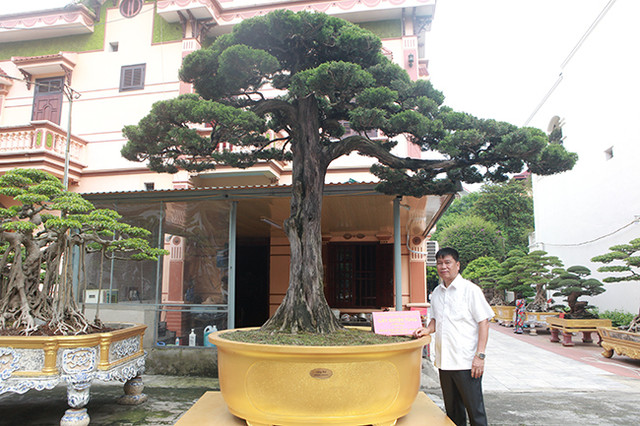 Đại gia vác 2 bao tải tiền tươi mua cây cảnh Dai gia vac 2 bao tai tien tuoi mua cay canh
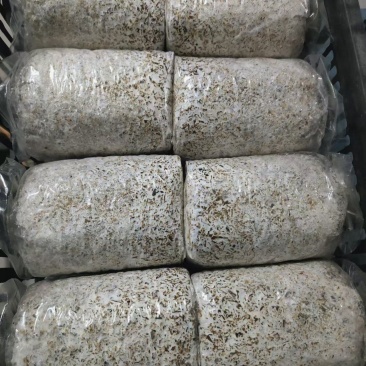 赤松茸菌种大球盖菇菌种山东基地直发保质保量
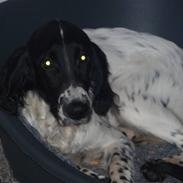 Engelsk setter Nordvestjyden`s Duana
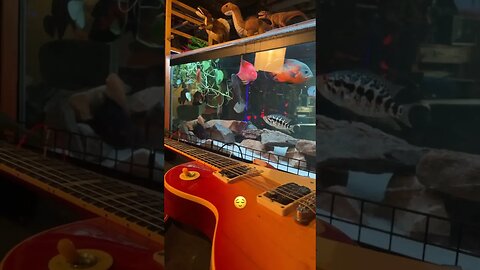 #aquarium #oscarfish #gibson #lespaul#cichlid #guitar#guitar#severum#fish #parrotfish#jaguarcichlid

■ ■ ■ ■

» **WHAT THE TASK ASKS**
When you write out the material, keep every line exact and leave out each picture.

» **SOLUTION**
 Đại gia vác 2 bao tải tiền tươi mua cây cảnh Dai gia vac 2 bao tai tien tuoi mua cay canh
 赤松茸菌种大球盖菇菌种山东基地直发保质保量
 Engelsk setter Nordvestjyden`s Duana
 #aquarium #oscarfish #gibson #lespaul#cichlid #guitar#guitar#severum#fish #parrotfish#jaguarcichlid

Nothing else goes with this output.